We can solve it through the Newton-Raphson technique for differential systems of non-linear equations.This type of modelling does not consider the geometry of the junctions. For instance, the angle between the various vessels are not take into account.

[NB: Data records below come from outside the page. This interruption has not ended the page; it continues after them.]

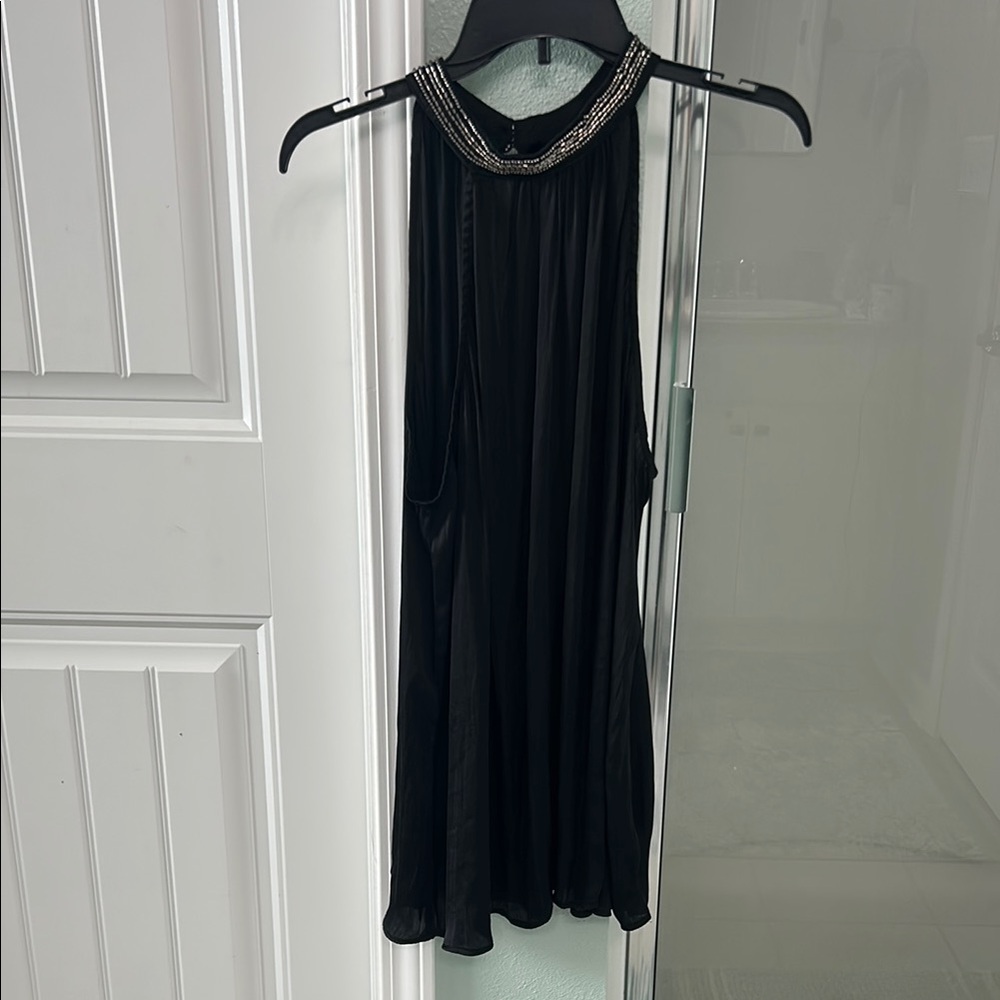 Elegant Black Sleeveless top with Beaded Neckline
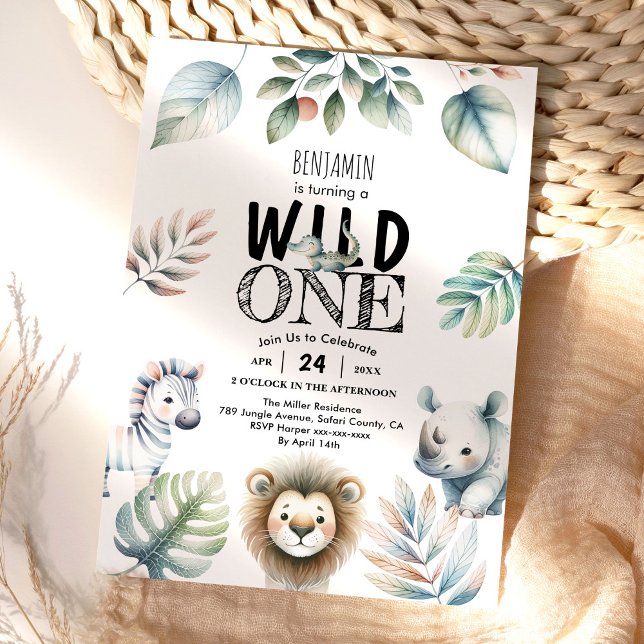 Invitación Salvaje Un Safari Niño Primer Cumpleaños (Subido por el creador)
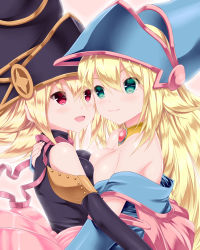 Rule 34 | 2girls, :d, bare shoulders, black hat, blonde hair, blue hat, blush, breast press, breasts, calcio, closed mouth, dark magician girl, duel monster, eye contact, eyebrows, fingernails, from side, gagaga girl, green eyes, hair between eyes, hand on another&#039;s back, hat, highres, hug, jewelry, large breasts, long fingernails, long hair, looking at another, multiple girls, necklace, off shoulder, open mouth, pink ribbon, red eyes, ribbon, short hair, smile, symmetrical docking, upper body, wizard hat, yu-gi-oh!, yu-gi-oh! duel monsters, yuri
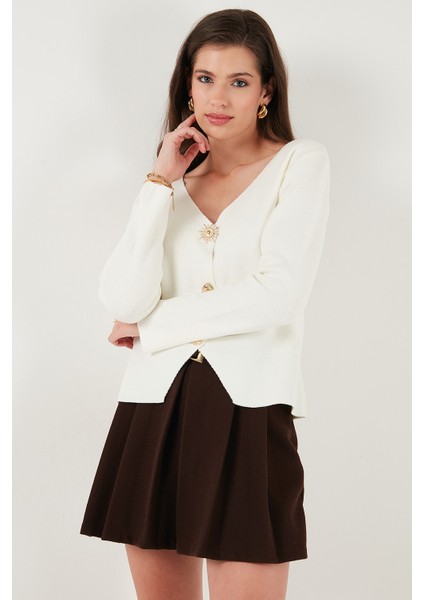 Premium Regular Fit V Yaka Düğmeli Triko Hırka Bayan Hırka 680HI00121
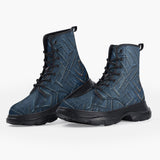 Casual Leather Chunky Boots Abstract Blue Denim Cloth Print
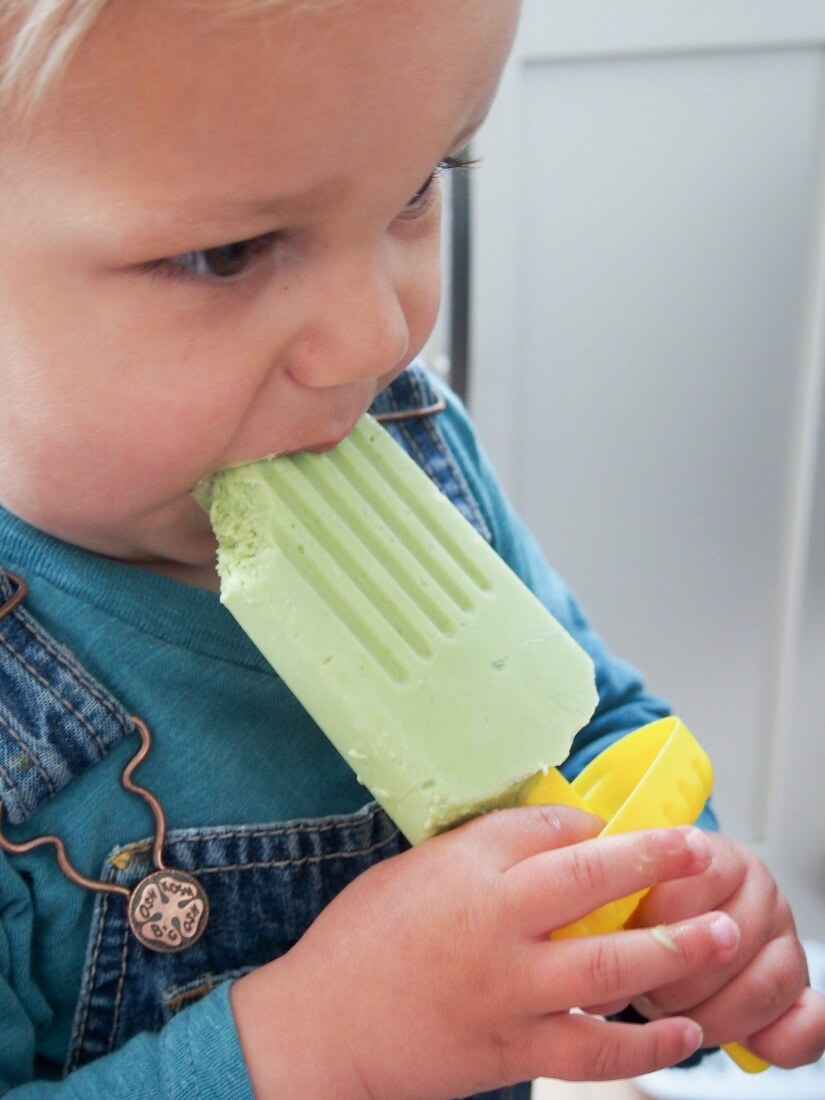 eating Avocado paletas (Mexican avocado ice pops)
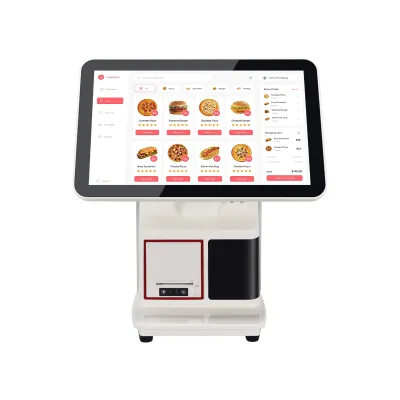 Black and White Pos Online Win-dows Cash Billing Dual Touch Monitor for Restaurant Pos All in One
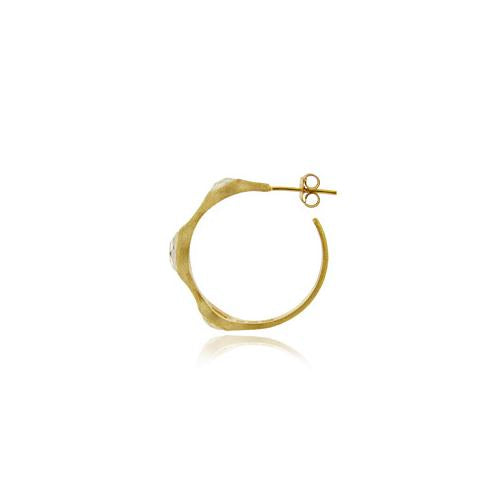 18K Gold over Sterling Silver CZ Brushed Hoop Earrings-2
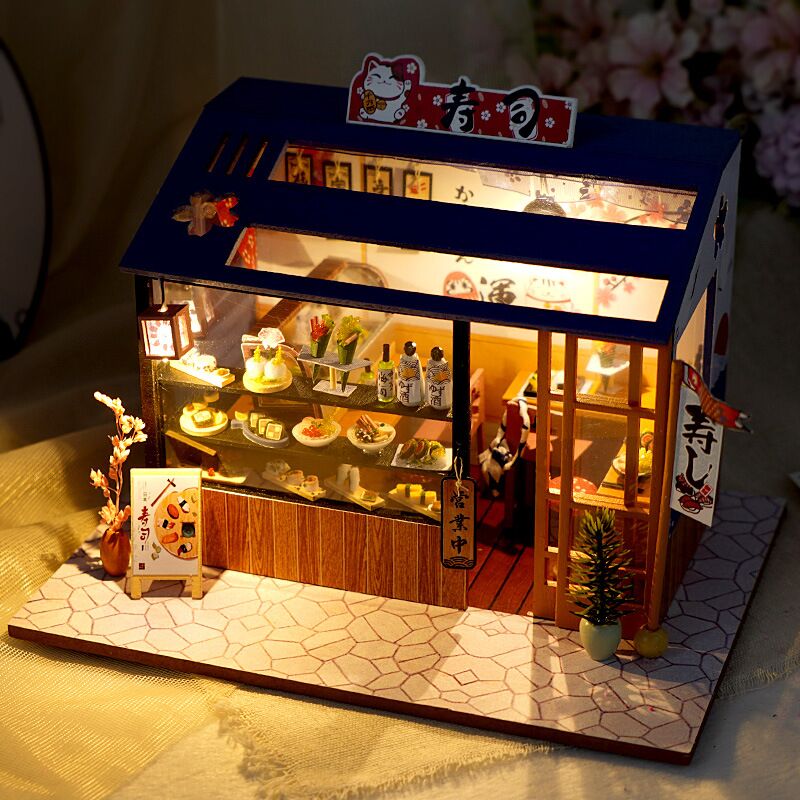 CUTEBEE maison de poupée Miniature bricolage maison de poupée avec meubles maison en bois Casa Diorama jouets pour enfants cadeau d'anniversaire Z007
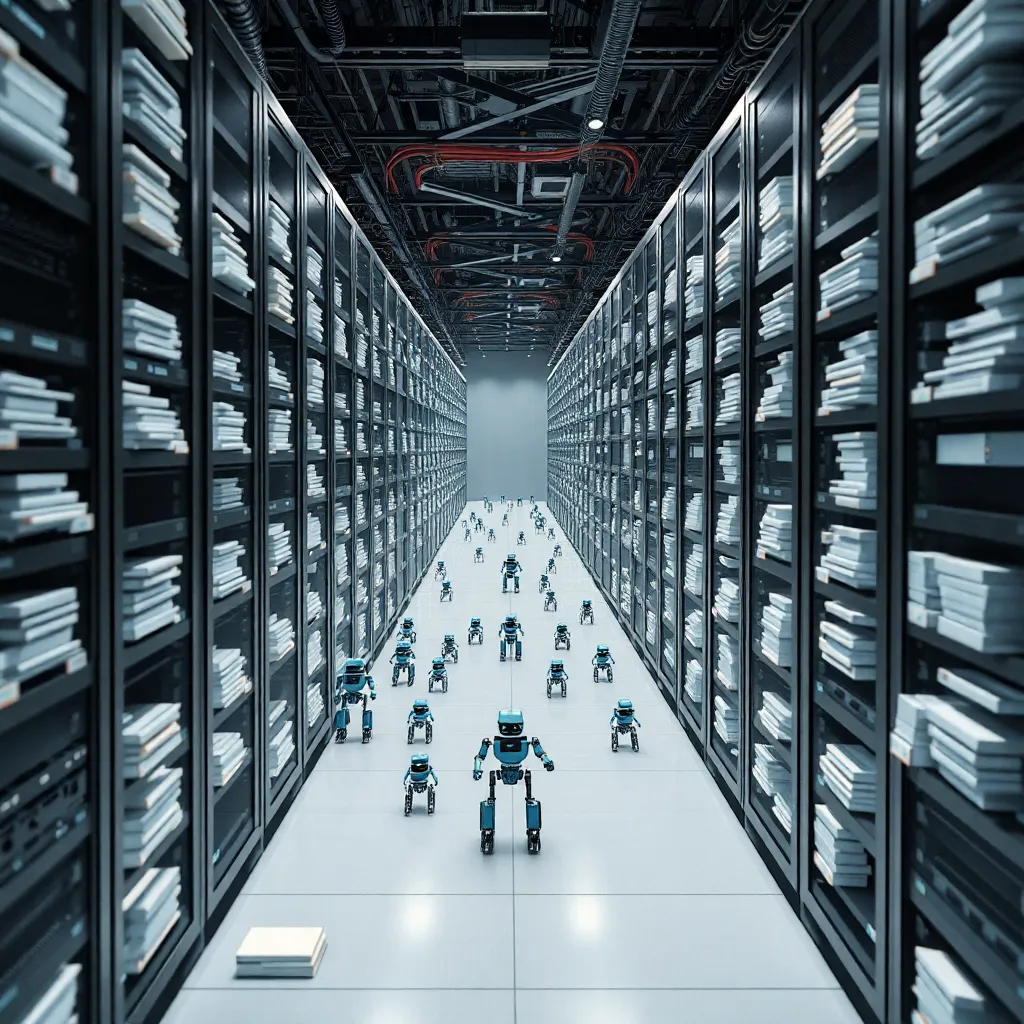 A vast data center with rows of computer servers and small figures working.AI powering cloud computing and data storage.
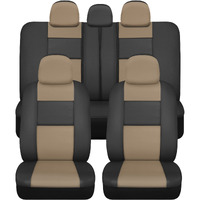 Bdk Croc Skin Faux Leather Car Seat Covers, Full Set Beige - Front And Back Split Bench Seat Covers, Airbag Compatible, Interior Covers For Cars Trucks Vans And Suvs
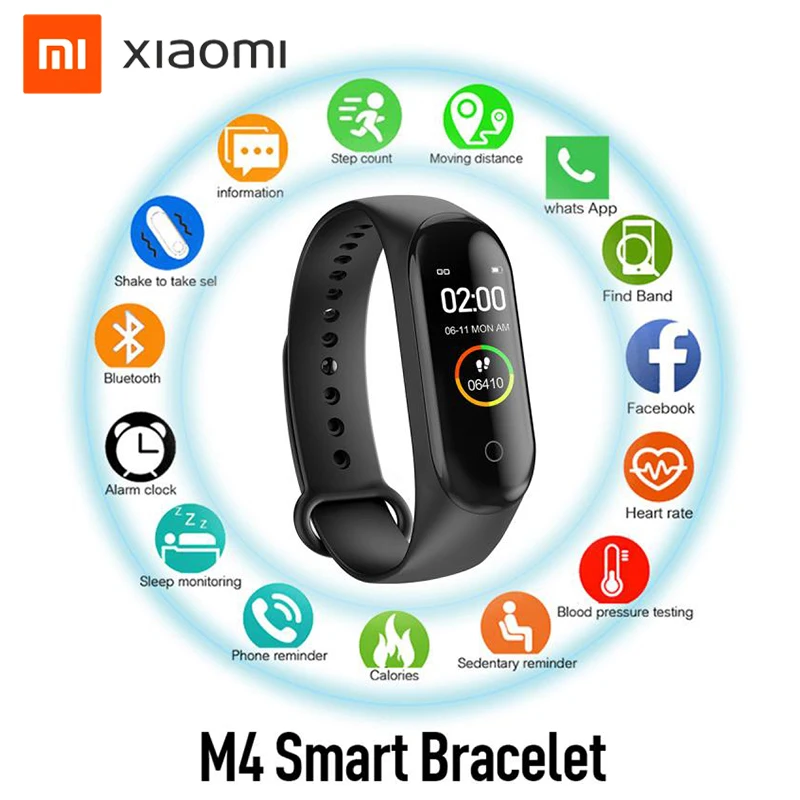 

Xiaomi Original M4 Smartwatch Waterproof Smart Watch Bluetooth Bracelet Heart Rate Blood Pressure Fitness Tracker Sport Watch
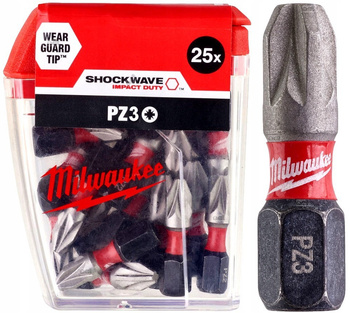 Bity udarowe Milwaukee  Shockwave Impact PZ3 25mm - 25 sztuk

#### 9.1.7.3 Bifurcation 1-1

The discontinuity at the interface between arteries with different materials(mechanical behaviour) or geometrical properties is solved with a similar process used in the treatment of the bifurcations 2-1. Following the domain decomposition method adopted before, we proceed by splitting the problem in two sub-domains ${\textstyle \Omega _{1}}$ and ${\textstyle \Omega _{2}}$, and solving the following non-linear system for the interface variables, namely

 ${\displaystyle W_{1}={\dfrac {Q_{1}}{A_{1}}}+4{\sqrt {\dfrac {\beta _{1}}{2\rho A_{01}}}}A_{1}^{1/4}}$ ${\displaystyle W_{2}={\dfrac {Q_{2}}{A_{2}}}-4{\sqrt {\dfrac {\beta _{2}}{2\rho A_{02}}}}A_{2}^{1/4}}$ ${\displaystyle Q_{1}=Q_{2}}$ ${\displaystyle P_{1}+{\dfrac {1}{2}}\rho {\Bigg (}{\dfrac {Q_{1}}{A_{1}}}{\Bigg )}^{2}=P_{2}+{\dfrac {1}{2}}\rho {\Bigg (}{\dfrac {Q_{2}}{A_{2}}}{\Bigg )}^{2}}$
(9.55)

Again, We solve the non-linear system obtained through the Newton-Raphson method. In both systems 9.54 and 9.55, it has been verified that the determinant of the Jacobian is different from zero for all allowable values of the parameters, thus guaranteeing that the Newton iteration is well-posed [108].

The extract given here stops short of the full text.